We also don't ambush and murder Muslim medical aid workers and use the excuse that they were carrying copies of the Quran and trying to convert our citizens. The Taliban (who, I know, represent only a small political minority in Afghanistan) did exactly that early last week. And while the Taliban is striving for political control of Afghanistan, they are driven by radical Muslim theological doctrine. That scares a lot of Americans.

Your point, Rac, that the US is not only exporting its culture to the Middle East and upsetting many conservatives there (both devout Muslims and others) but projects a strong military presence there is quite valid. We are indeed hated (and feared, I believe) because we are strong. And we have to deal with the fallout of our ventures, whether they are intended as peaceful assistance, as in Haiti following the earthquake, or in Iraq, to topple a violent and murderous dictator and free a nation.

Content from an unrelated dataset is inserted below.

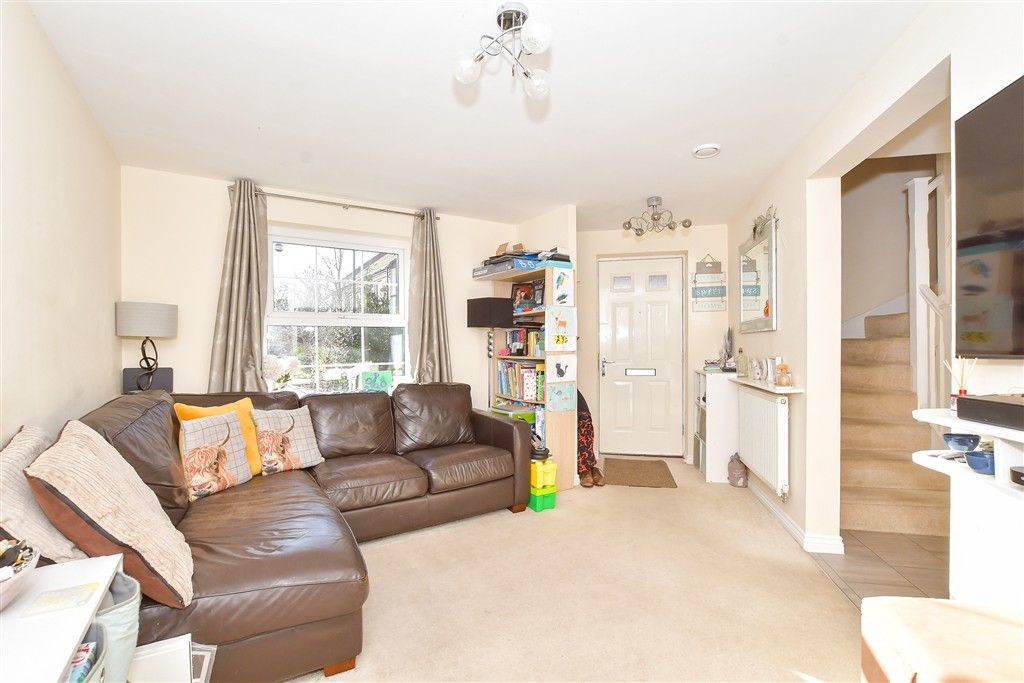 Property photo 3 of 11 Lounge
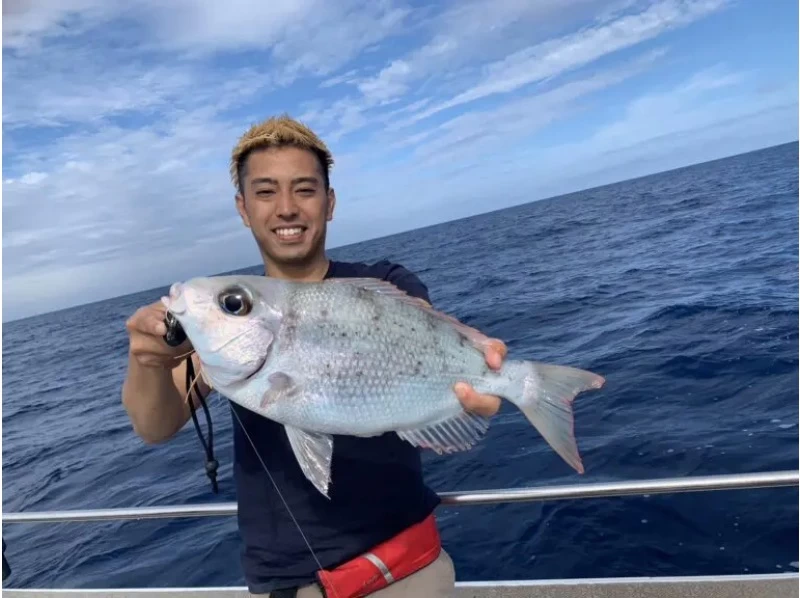 [Southern Okinawa] Departing from Yonabaru Marina. Fully-private! Children (ages 6 and up) and beginners can also come empty-handed for a half-day lure fishing experience tour (up to 4 people). Toilets available!の紹介画像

And your point that other nations export potentially offensive media to the Middle East without suffering major reprisal campaigns is also valid. But from my own reading and from your comments, I get the distinct impression that the people in the Middle East perceive (rightly or wrongly) that the US is the ultimate source of that material. So we get the blame - and the rocket-propelled grenades.

To get back to the original point of this thread, I'm not in favor of the mosque in New York near Ground Zero. But not because I hate or fear Muslims. It's because I am not confident that it is intended to be a house of worship and not a recruiting center for radical Muslims.


Life isn't a support system for writing. It's the other way around.